Using efficiently the memory in parallel application can be hard, especially for NUMA machines. This trace visualization is designed to help you identify your applications' memory behavior and how to improve it.
Before showing any actual visualizations here are a few reminders on efficient memory access:
Split the memory
If the memory is correctly accessed, some groups of threads (from 1 to the maximum thread per NUMA node of the experimental machine) should appear. A group of thread is a set of thread accessing (mostly) the same set of pages. Moreover, the Average number of accesses should be more or less the same, for every threads and for every pages.
For NUMA machines, it is also important to think about the memory distribution over the node: thread working on the same data should be on the same node to avoid remote accesses. We should ensure that data are mapped near to the thread using them, moreover we should distribute the data (and the threads) over the node to avoid memory contention. If a part of the memory is used by every thread it should be either duplicated (in the case of a relatively small structure, read only) or interleaved among the nodes for the same reasons.

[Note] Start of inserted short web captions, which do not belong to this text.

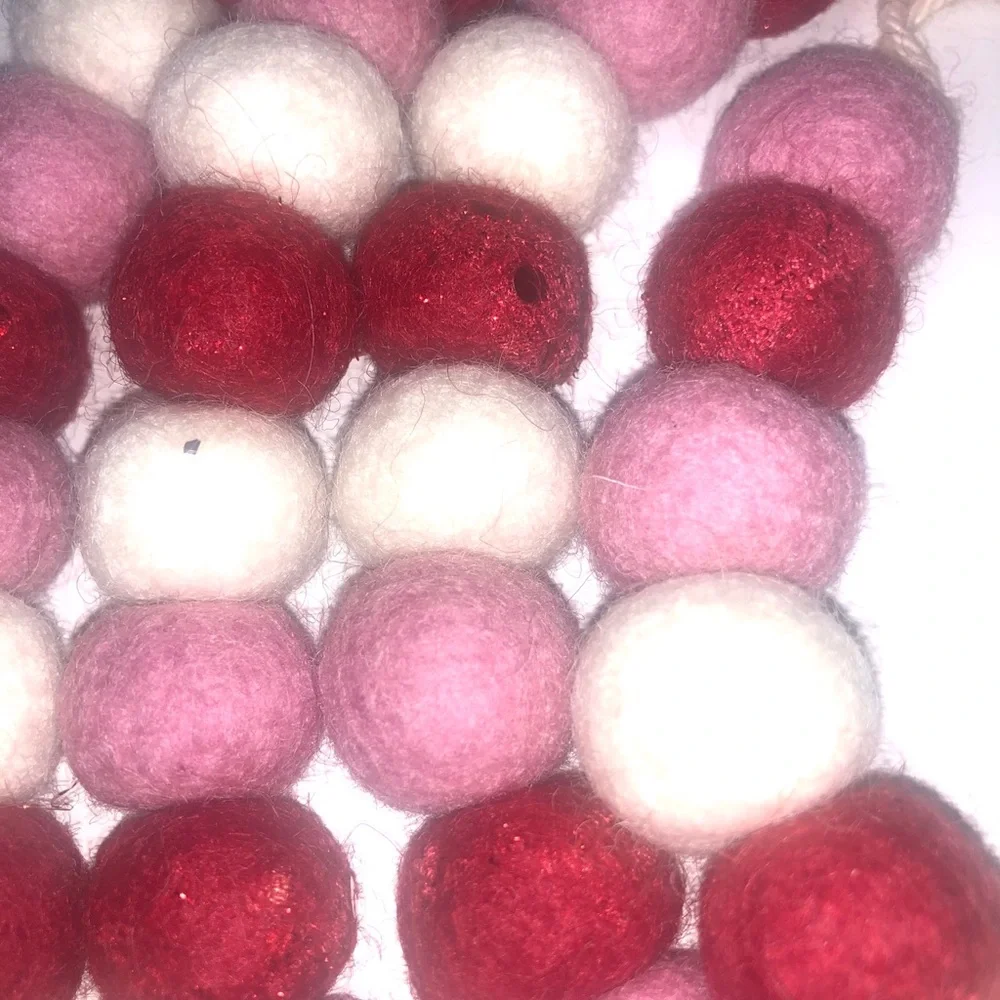 New West Elm Valentines Pink Red Wool Garland Home Decor 68”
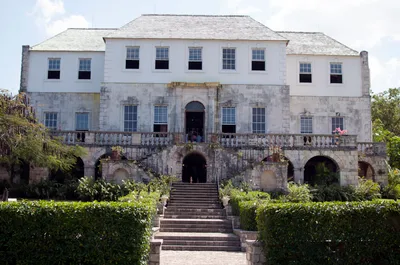 Bob Marley's Nine Mile Guided Daytrip with Admission and Hotel Pickup from Montego Bay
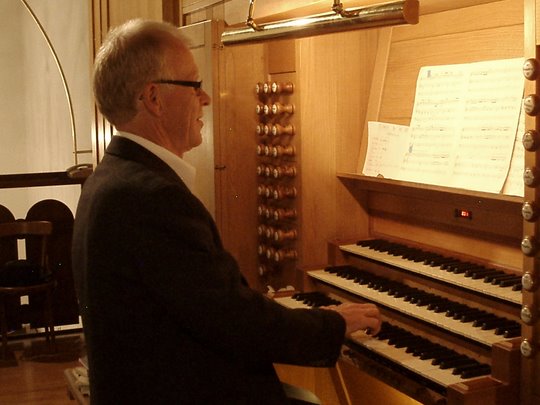 Eidsberg-kantor Vidar Hansen har full kontroll. (Foto: Tove Omvik Aune)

If some of your structures are used by (almost) every threads, you should obtain better performances by doing one of the following solutions:
Divide the structure
Modify your code to make threads works on small parts of the structure, then pin threads working on close data to the same NUMA node (or use an automated tool to do so).
Interleave
You can distribute the pages of the structure among the NUMA nodes (interleave) to balance the memory bandwith.
Duplicate
If the structure is only read and the structure size is small enough, each thread can work on local copy.
Mapping policy
By default, all recent operating systems maps memory pages close to the first thread accessing them, it is called first touch. Therefore either the first touch should be done be the thread actually using the data, or some mapping should be made (manually or via an external / automated tool).
Beware of the stack
Stack is designed for private data, shared data should be on the heap (dynamically allocated) or global. Remote stack access might be quite inefficient and hard to improve for automated tools.